لَا تَجْعَلُوا بُيُوتَكُمْ قُبُورًا، وَلَا تَجْعَلُوا قَبْرِي عِيدًا، وَصَلُّوا عَلَيَّ فَإِنَّ صَلَاتَكُمْ تَبْلُغُنِي حَيْثُ كُنْتُمْ

Jangan jadikan rumah kalian seperti kuburan, jangan jadikan kubur saya sebagai 'ied, dan bershalawatlah untuk saya, karena shalawat kalian sampai kepada saya darimanapun kalian bershalawat. [HR. Abu Dawud no. 2042, dihukumi shahih oleh al-Albani]

Menjadikan kuburan sebagai 'îd adalah dengan mengunjunginya secara terus-menerus, misalnya setiap sore, setiap pekan, setiap bulan dan seterusnya. Atau menziarahinya seolah-olah kita mengadakan perayaan. Maksud utama ziarah kubur Nabi Shallallahu ‘alaihi wa sallam adalah untuk mengucapkan salam dan shalawat. Ketika Beliau Shallallahu ‘alaihi wa sallam melarang umat Islam untuk terus berziarah, Beliau Shallallahu ‘alaihi wa sallam menunjukkan penggantinya, yaitu mengucapkan shalawat di manapun mereka berada, tanpa harus datang kekubur beliau.

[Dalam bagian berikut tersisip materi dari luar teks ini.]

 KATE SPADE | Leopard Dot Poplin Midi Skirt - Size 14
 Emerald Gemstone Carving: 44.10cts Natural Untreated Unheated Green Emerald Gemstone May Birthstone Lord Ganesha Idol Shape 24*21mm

Disyariatkan pula untuk mengunjungi kuburan Baqi' al-Gharqad yang berisi sekitar sepuluh ribu Shahabat Nabi Shallallahu ‘alaihi wa sallam juga kuburan para syuhada dalam Perang Uhud.[3] 

5. Shalat Di Masjid Quba`
Umrah adalah salah satu ibadah yang agung. Bagi penduduk Madinah, ibadah umrah cukup mudah dilakukan. Namun meski hanya berjarak 425 km dari Makkah, ibadah ini cukup menyita waktu dan tenaga. Dengan kebijaksanaan dan kemurahan-Nya, Allâh membuka untuk mereka pintu pahala umrah dengan amalan yang lebih mudah. Hal tersebut tertuang dalam sabda Rasûlullâh Shallallahu ‘alaihi wa sallam berikut:

مَنْ تَطَهَّرَ فِي بَيْتِهِ ثُمَّ أَتَى مَسْجِدَ قُبَاءَ، فَصَلَّى فِيهِ صَلَاةً، كَانَ لَهُ كَأَجْرِ عُمْرَةٍ

Barangsiapa bersuci di rumahnya, lalu mendatangi Masjid Quba` dan shalat di sana satu shalat, ia mendapatkan pahala seperti pahala umrah. [HR. Ibnu Majah no. 1.412, dihukumi shahih oleh al-Albani]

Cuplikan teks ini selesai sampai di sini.